- [Try it]: Copy everything in the data below exactly except the pictures.
===============
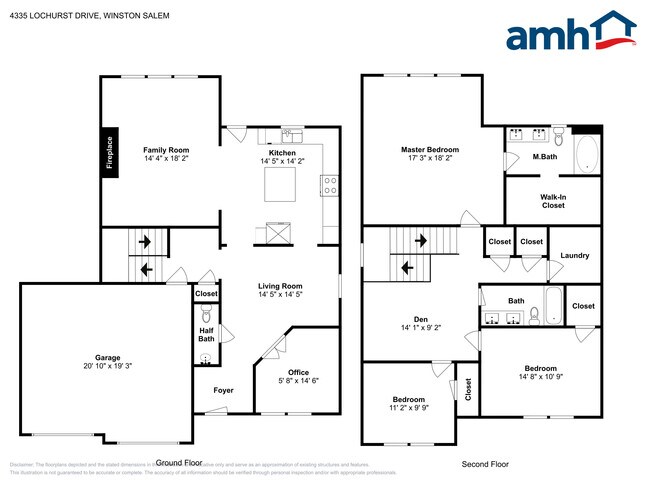 4335 Lochurst Dr in Pfafftown, NC - Building Photo - Building Photo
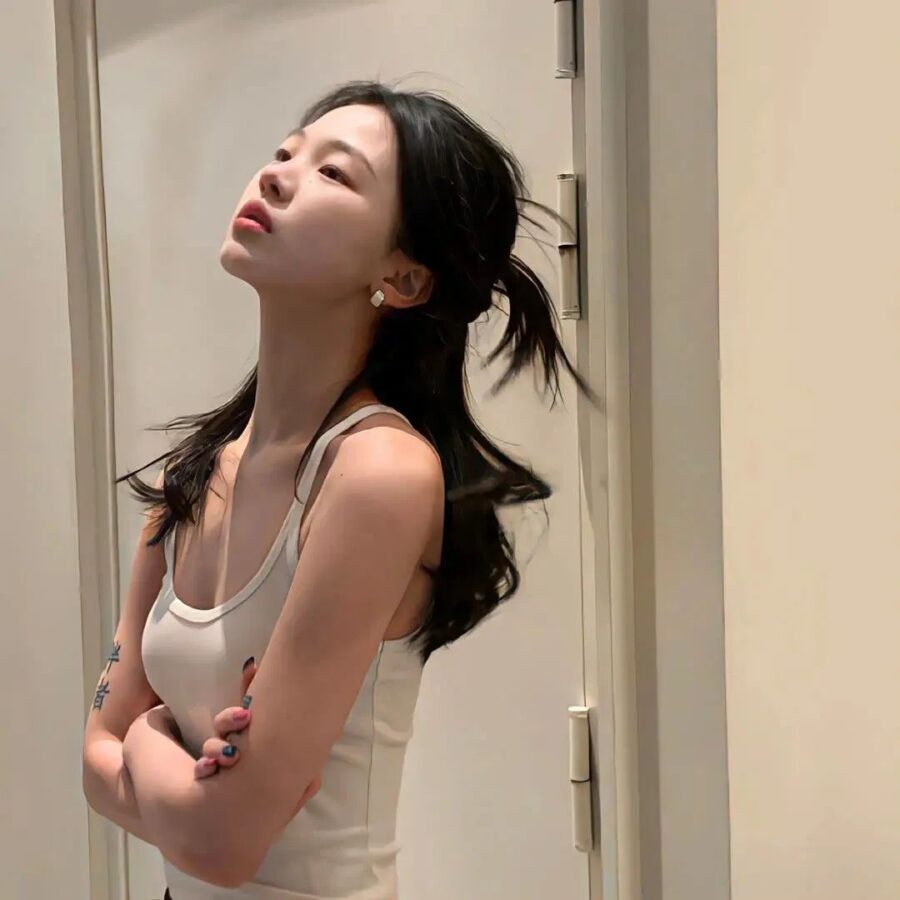 图片[8]-怦然心动的微信头像-尖叫文案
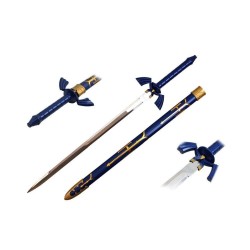THE LEGEND OF ZELDA - Link Sword Master Sword 104 cm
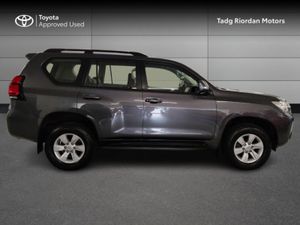Toyota Land Cruiser LWB BUSINESS - Image 3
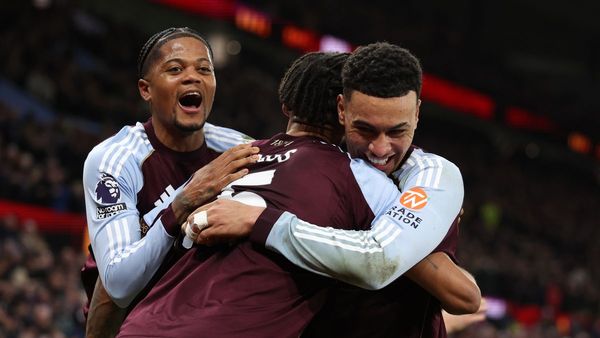 Bailey credits Emery as Villa host Leeds Bailey credits Emery as Villa host Leeds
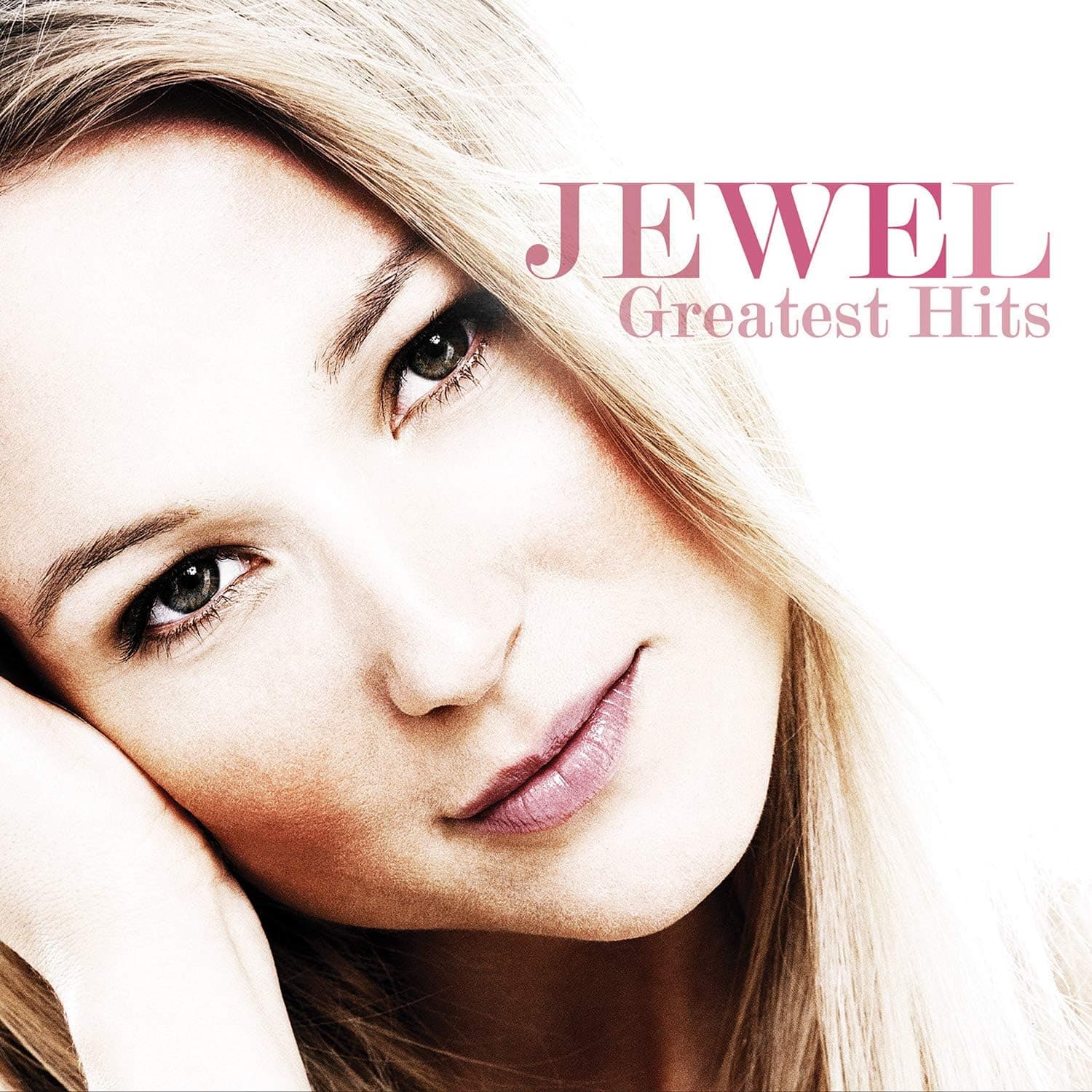 Greatest Hits [Disco de Vinil] por Jewel — capa do álbum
===============
- [Answer for the task]:
 4335 Lochurst Dr in Pfafftown, NC - Building Photo - Building Photo
 图片[8]-怦然心动的微信头像-尖叫文案
THE LEGEND OF ZELDA - Link Sword Master Sword 104 cm
Toyota Land Cruiser LWB BUSINESS - Image 3
 Bailey credits Emery as Villa host Leeds Bailey credits Emery as Villa host Leeds
 Greatest Hits [Disco de Vinil] por Jewel — capa do álbum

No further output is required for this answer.